Background information
- Origin: Portland, Maine, United States
- Genres: Rock
- Instruments: Guitar; bass guitar; keyboards; drums; baritone sax; trombone; alto sax; tenor sax;
- Years active: 1993–2002, 2007–present
- Labels: Ripcord; Arista; BMG; Tommy Boy; Warner Bros.; Velour;
- Members: Dave Gutter Jon Roods Lucas Desmond Jamie Colpoys Gary Gemmiti Jason Ward
- Past members: Spencer Albee Tony McNaboe Ryan Zoidis Dave Noyes

= Rustic Overtones =

American rock band

Rustic Overtones is an American rock band from Maine, United States, active between 1993 and 2002 and from 2007 to the present. They were the first group to perform live on XM Satellite Radio, and their 2007 album Light at the End was the fastest-selling local disc ever in the state of Maine.

==History==

===Early years: 1993–2002===
Rustic Overtones started in the early 1990s as a three-piece cover band known as Aces Wild with Dave Gutter, Jon Roods, and then-drummer and close friend Matthew Esty, playing small bars. This lineup produced the Smile album. Rustic Overtones gained popularity during the mid to late 1990s in the Portland, Maine, music scene, although it had many self-financed tours throughout the country, mostly the northeastern states. After the release of the band's 1998 album Rooms by the Hour, major record label Arista signed the band spurred on by then-president Clive Davis. The signing led to "Hardest Way Possible," a song from Rooms By The Hour, being featured on the soundtrack of the Rob Schneider film The Animal. Arista hired producer Tony Visconti to produce what became the band's 2001 release, ¡Viva Nueva! However, after disagreements with the label, and a shakeup at Arista that saw the band's primary supporter, Clive Davis, depart, the record deal fell through. The band was shortly picked up afterward by Tommy Boy and released the album in 2001, which featured guest appearances by Funkmaster Flex, Imogen Heap, and David Bowie. However, Tommy Boy's deal with Warner Bros. Records ended in 2002, which once again left the band without a record label. The disappointment of two major record deals falling through proved too much for the band members, and they went their separate ways in 2002. Its final performance was a three-hour show at the State Theatre on May 11, 2002.

===Break-up and solo careers: 2002–2007===
During the five years that the Rustic Overtones went their separate ways, most of the band members pursued a side project. Dave Gutter and Jon Roods met up with one-time Overtones drummer Marc Boisvert, and formed Paranoid Social Club, another band that enjoyed success, with its single "Wasted" appearing in the soundtrack to the movie Beerfest. Spencer Albee joined with other local musicians including guitarist Zach Jones, drummer Brian Higgins, and bassist Haché and formed Rocktopus (later As Fast As, replacing Higgins with drummer Andrew Hodgkins), whose album Open Letter to the Damned received a 4.5/5 rating from music critic giant Allmusic. Tony McNaboe served as a touring drummer for Ray LaMontagne, and released an R&B solo album in 2003 entitled Destination. In addition, saxophonist Ryan Zoidis split his time between Lettuce and Soulive, baritone saxophonist Jason Ward played with several local bands, and trombonist Dave Noyes joined local group Seekonk.

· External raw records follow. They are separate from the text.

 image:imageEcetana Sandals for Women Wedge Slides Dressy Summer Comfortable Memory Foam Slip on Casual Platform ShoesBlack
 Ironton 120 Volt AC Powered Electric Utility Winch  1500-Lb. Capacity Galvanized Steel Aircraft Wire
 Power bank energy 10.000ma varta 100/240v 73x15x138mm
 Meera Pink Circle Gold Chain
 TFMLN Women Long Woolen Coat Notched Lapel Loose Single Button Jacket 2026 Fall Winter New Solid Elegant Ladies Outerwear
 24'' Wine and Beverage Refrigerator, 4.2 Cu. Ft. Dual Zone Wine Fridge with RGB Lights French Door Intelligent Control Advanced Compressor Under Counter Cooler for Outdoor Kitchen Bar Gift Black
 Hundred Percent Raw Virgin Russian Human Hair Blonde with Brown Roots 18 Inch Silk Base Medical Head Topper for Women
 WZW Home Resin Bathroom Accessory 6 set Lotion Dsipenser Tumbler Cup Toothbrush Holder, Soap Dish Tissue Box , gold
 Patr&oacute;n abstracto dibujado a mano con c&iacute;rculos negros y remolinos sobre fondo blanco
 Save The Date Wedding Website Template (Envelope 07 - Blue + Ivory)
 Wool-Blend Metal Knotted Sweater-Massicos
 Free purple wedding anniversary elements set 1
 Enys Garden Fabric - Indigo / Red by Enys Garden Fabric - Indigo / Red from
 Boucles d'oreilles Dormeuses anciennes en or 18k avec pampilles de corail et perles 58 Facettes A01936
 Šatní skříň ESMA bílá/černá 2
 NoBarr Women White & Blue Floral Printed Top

===Reunion and Light at the End: 2007–2008===
In early spring of 2007, drummer Tony McNaboe began the process of reuniting the band, calling each former member separately, and telling them that everyone else had already agreed to a reunion. In May 2007, Tony McNaboe, Spencer Albee, and Jon Roods made a surprise announcement on Portland's WCYY that the entire band did indeed plan to reunite, and were in the process of scheduling local reunion shows. On May 29, they announced that they would play two reunion shows at Portland club The Asylum, on July 28 and 29, 2007. In addition, after a month of rumors and gossip, the band also announced that they had been working on a new album of previously unreleased material and newly written music, eventually titled Light at the End, which was released independently in late July 2007 coinciding with the two reunion shows.

Although the band originally made it clear that the reunion would only last for the summer, and the members would turn their attention back to their post-Overtones projects after the two shows and the release of the album, Gutter confirmed in an article for the Portland Press Herald that "reunions will become a regular thing" and that the band is "here to stay." Furthermore, during one of the band's reunion shows, Spencer Albee proclaimed, "we're never going to leave you again, we're sorry". Also, during an interview on a local news station on July 18, 2007, with Gutter and Albee, the two were asked what the future plans are with the band. Gutter responded with "we've got a couple more huge endeavors planned for Rustic Overtones" and Albee stated that "there's no reason to not be together".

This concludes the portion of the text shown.